EXERCISE –
Set down each line of the material that follows exactly, and leave its pictures out.

*** Block opens ***

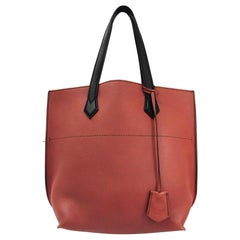 Fendi All In Shopping Tragetasche aus Leder in Rose, Rosa/Schwarz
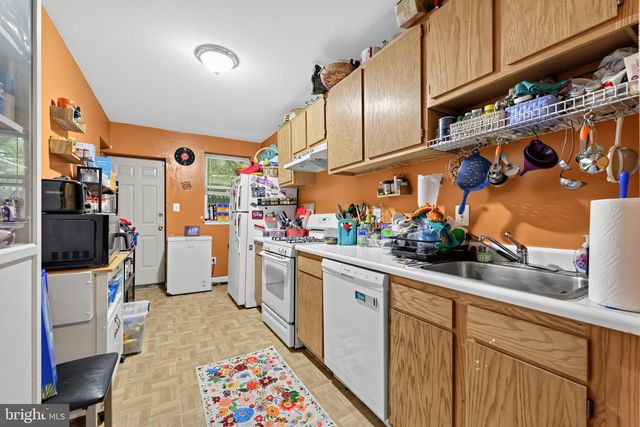 2506 COLLINS ST, Philadelphia, PA 19125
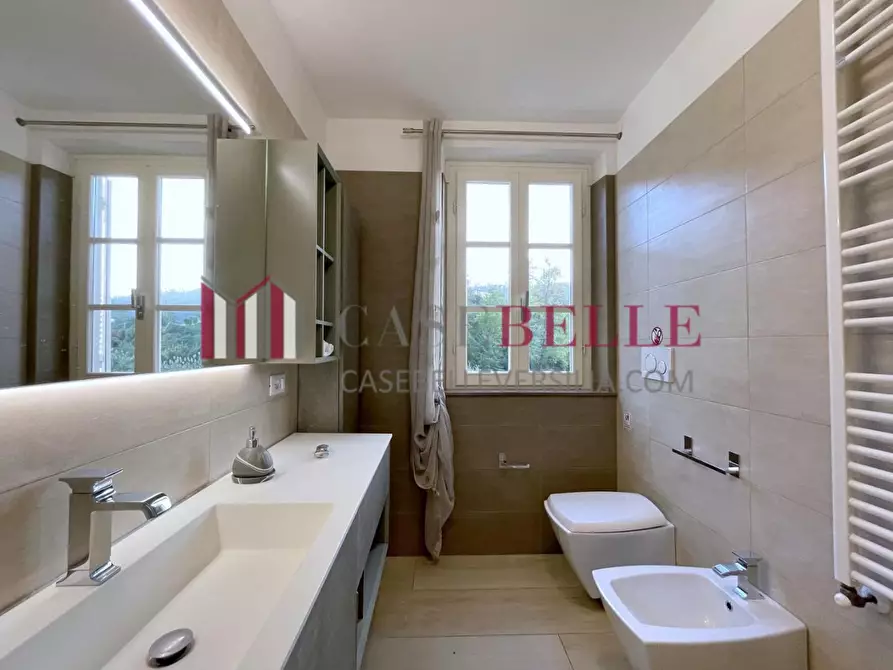 Immagine 48 di Casa indipendente in vendita  a Camaiore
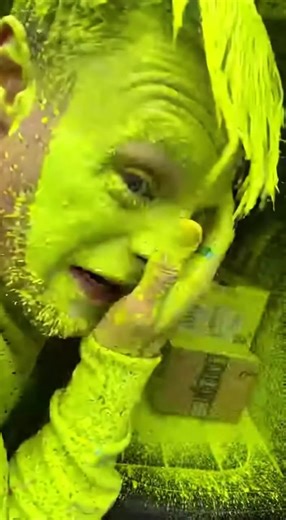 A porch pirate steals two Amazon packages and carries them to his car. The moment he drops both boxes inside, they simultaneously explode with bright yellow ink, covering him and the interior. | Familia GD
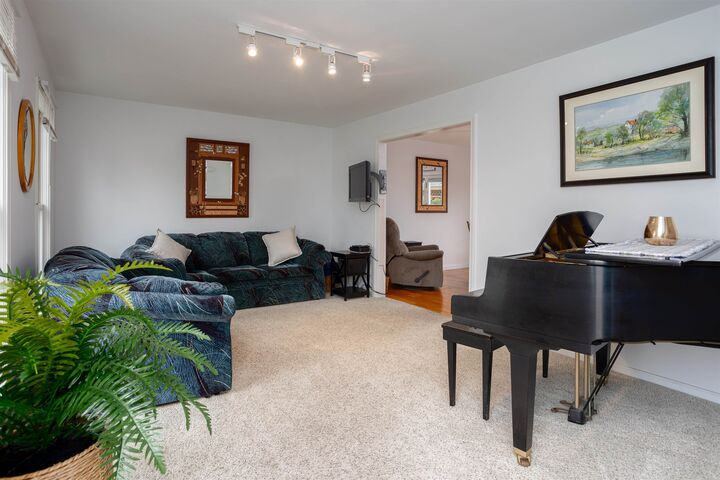 Property Photo:  266 Isham Circle  VT 05495 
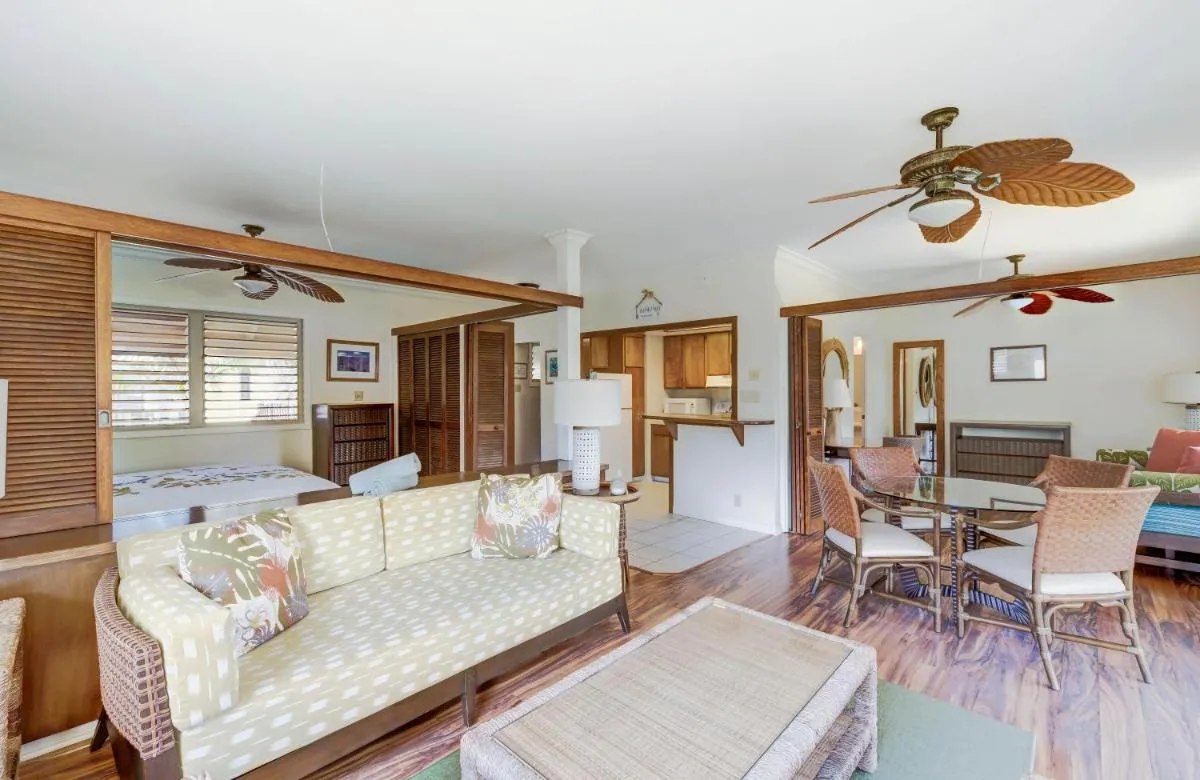 Image 4 of Hanalei Colony Resort H4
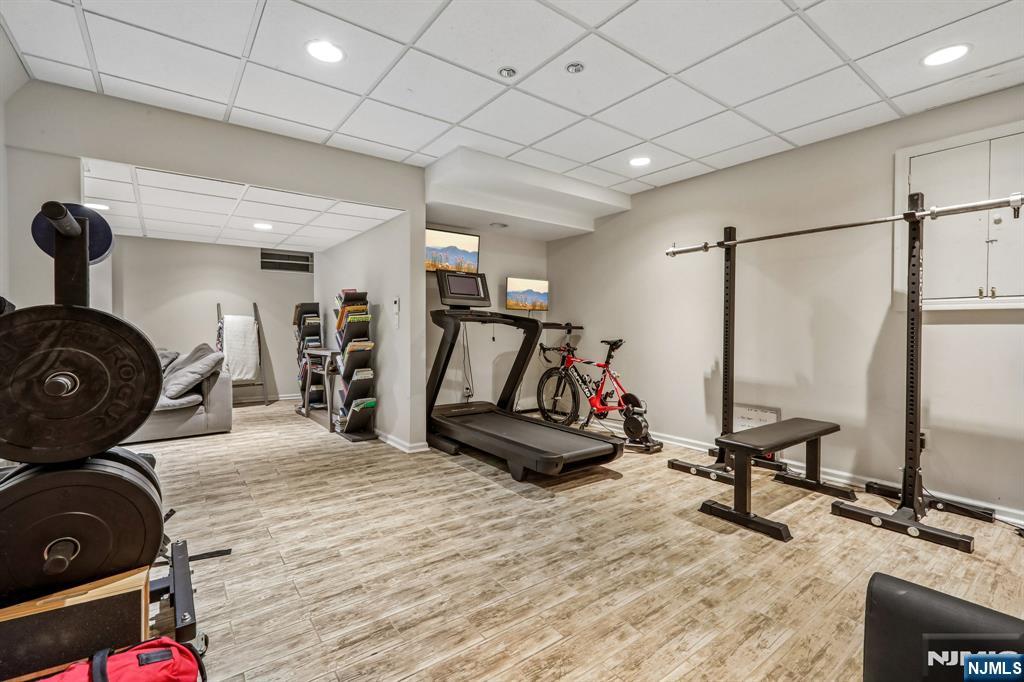 745 Gettysburg Place, Paramus, NJ 07652 Listing Photo  42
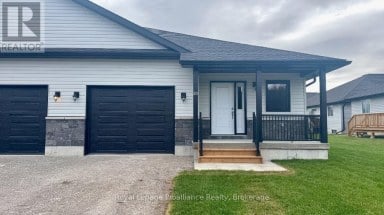 48 MACKENZIE JOHN CRESCENT Brighton Ontario photo 2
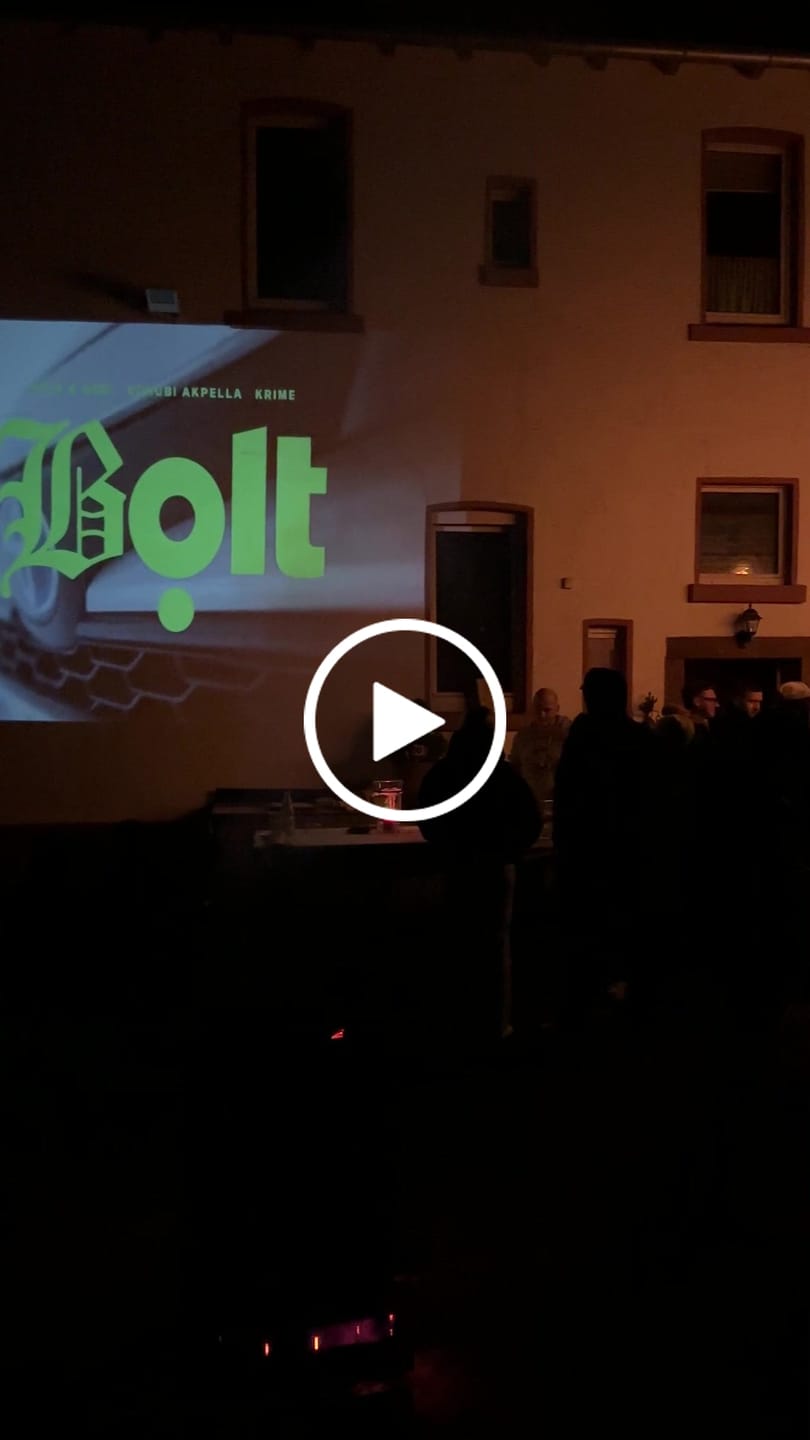 Customer video review of FeliFlixPro™ 2.0 Heimkino Projektor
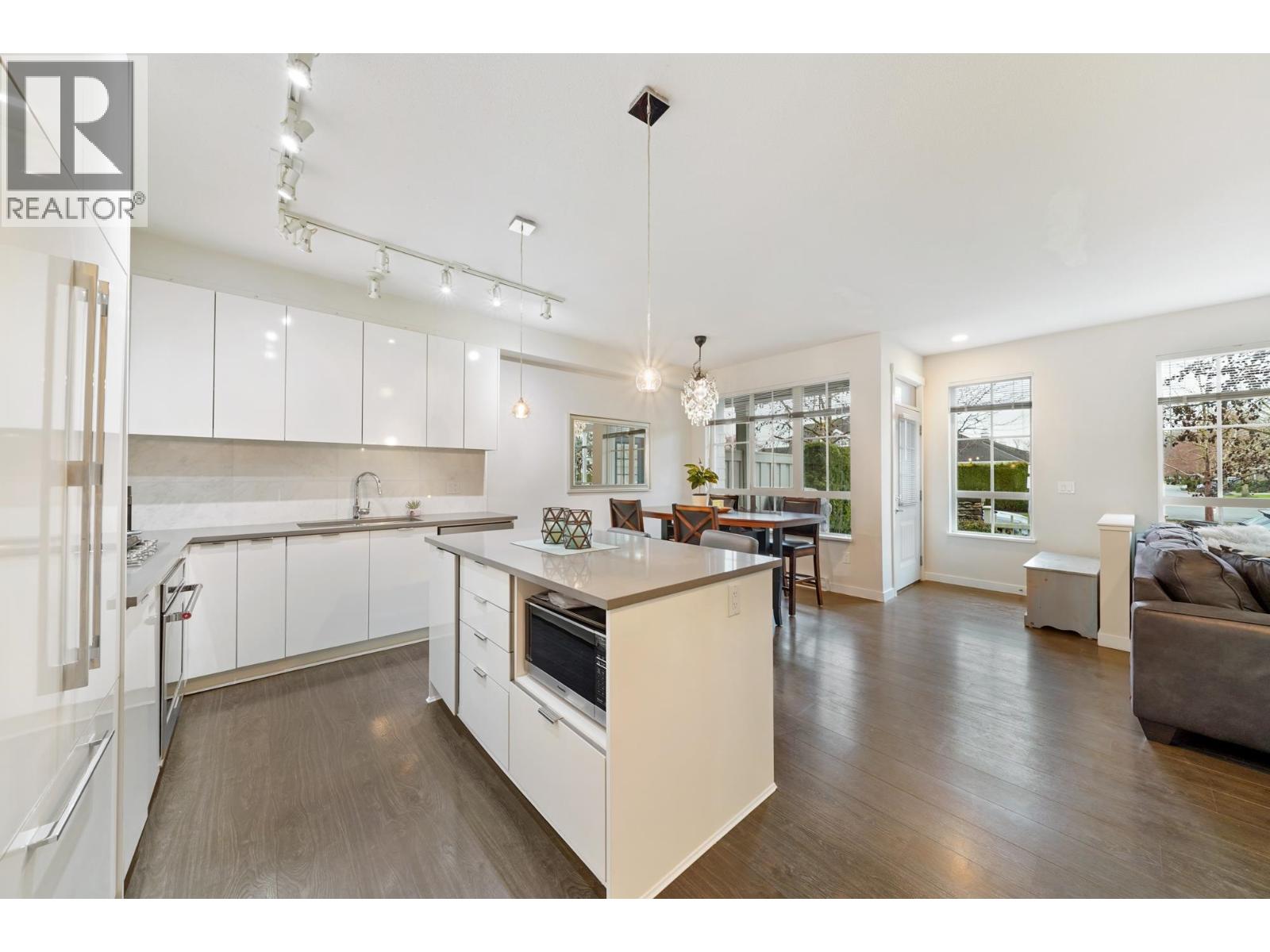 #17-5510 ADMIRAL Way, Delta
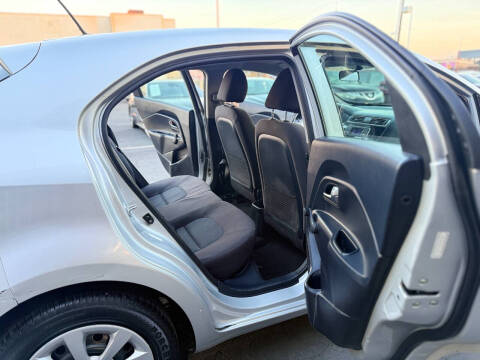 2016 Kia Rio 5-Door LX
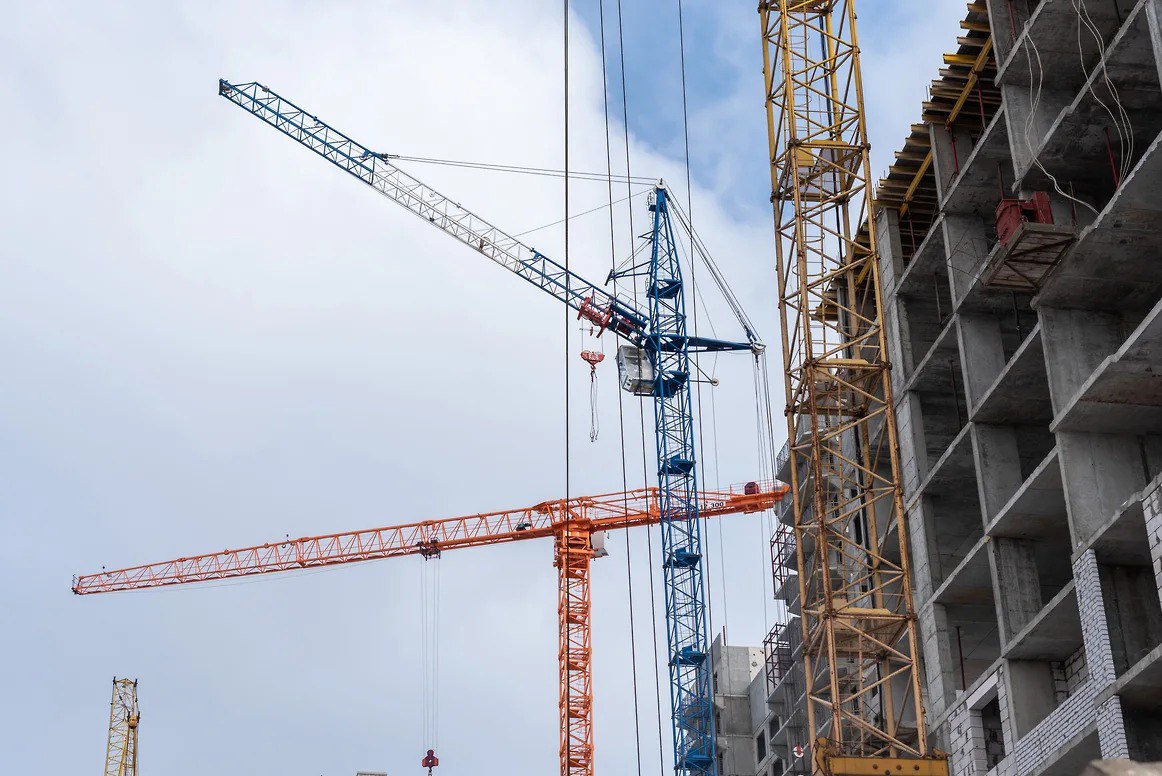 На программу доступного жилья в Татарстане в 2026 году планируют выделить 23 млрд рублей Из них 700 млн руб на поддержку семей с детьми оплату взносов при рождении или усыновлении ребёнка Планируется строительство 150 6 тыс кв м жилья для реализации через систему социальной ипотеки Фото Коммерсантъ Игорь Елисеев kommersantkazan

*** Block closes ***

TASK ANSWER –
 Fendi All In Shopping Tragetasche aus Leder in Rose, Rosa/Schwarz
 2506 COLLINS ST, Philadelphia, PA 19125
 Immagine 48 di Casa indipendente in vendita  a Camaiore
 A porch pirate steals two Amazon packages and carries them to his car. The moment he drops both boxes inside, they simultaneously explode with bright yellow ink, covering him and the interior. | Familia GD
 Property Photo:  266 Isham Circle  VT 05495 
 Image 4 of Hanalei Colony Resort H4
 745 Gettysburg Place, Paramus, NJ 07652 Listing Photo  42
 48 MACKENZIE JOHN CRESCENT Brighton Ontario photo 2
 Customer video review of FeliFlixPro™ 2.0 Heimkino Projektor
 #17-5510 ADMIRAL Way, Delta
 2016 Kia Rio 5-Door LX
 На программу доступного жилья в Татарстане в 2026 году планируют выделить 23 млрд рублей Из них 700 млн руб на поддержку семей с детьми оплату взносов при рождении или усыновлении ребёнка Планируется строительство 150 6 тыс кв м жилья для реализации через систему социальной ипотеки Фото Коммерсантъ Игорь Елисеев kommersantkazan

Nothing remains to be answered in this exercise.